Open Street Map - Static API (Development)

Open Street Map - Static API (Early Development)

"Main idea of the project is to create an web application which will provide an easy way of embedding maps into web pages. Application is going to be deeply configurable and easy to install by anyone on his server. It is being implemented in PHP5.

Mapperz first static osm map:

This an Open Street Map generated image live from the osm development server
The url that created this image is
http://dev.openstreetmap.org/~pafciu17/?module=map&center=-1.877589,50.7224&zoom=14&width=400&height=400type=cycle

Required parameters:

&center=latitude,longitude
&zoom=14 (can be 1 to 18)
&width=400 (400px)
&height=400 (400px)
type=cycle (can be mapnik, osmrender or cycle)

optional &imgType=gif or jpg (png is default)

Paths can be created (Google Maps API static maps lacks this function currently)



http://dev.openstreetmap.org/~pafciu17/?module=map&bbox=-100,45,-67,5&width=400&paths=-74,40.34,-82.3,23.1,-85,35,-87.2,32.12;-90,40,-80,40

(green is the first zigzag lines then after the semi-colon ; is the second line)


Suggestions and reporting errors:
During first month of work scaffold of application has been created with its basic functionality. Now it is time for improvements and adding new features. I would be very grateful for any feedback about API. You can send comments, information about errors etc. to osm.static.maps.api(at)gmail.com."

Mapperz has a couple of suggestions:
Can annotation be added?
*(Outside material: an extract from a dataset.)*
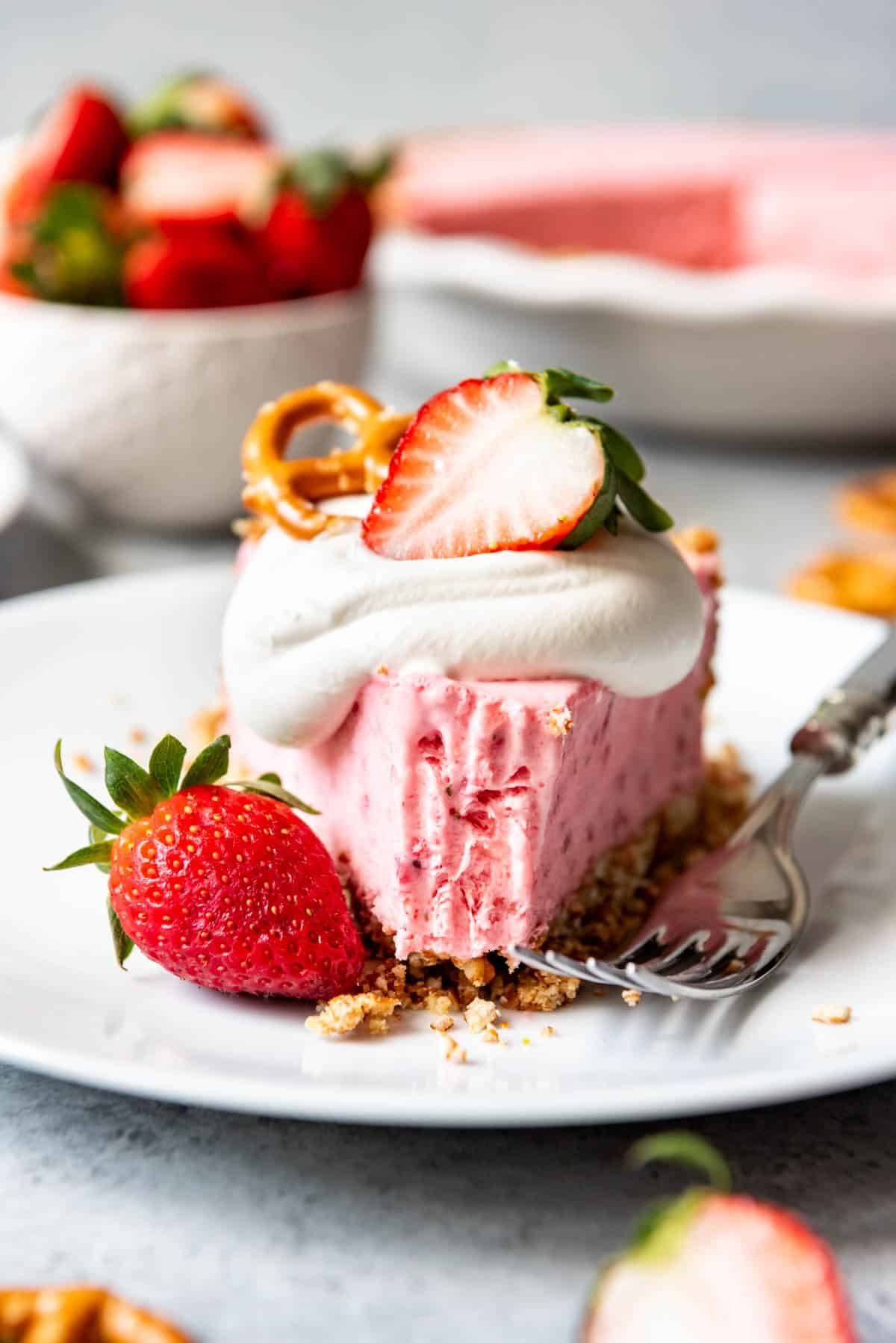 a close view of a white plate with a slice of Strawberry Pretzel Icebox Pie and a bite missing from the front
Like "you are here" anno=you%20are%20here;-90,180
Can polygons be added? poly=-90,180;-80,180;-80,90;-90,180&fillcolour=R255G123B0
icons - icon=basic1&3 (a circle with 3 in the middle)?

Full details
http://dev.openstreetmap.org/~pafciu17/


Your area missing map data?
Then contribute to the Open Street Map database - you be surprised how easy it is to add your own collected data. You might even get hooked like with 125,000 other osm contributors.
http://wiki.openstreetmap.org/wiki/Main_Page

Looks very promising.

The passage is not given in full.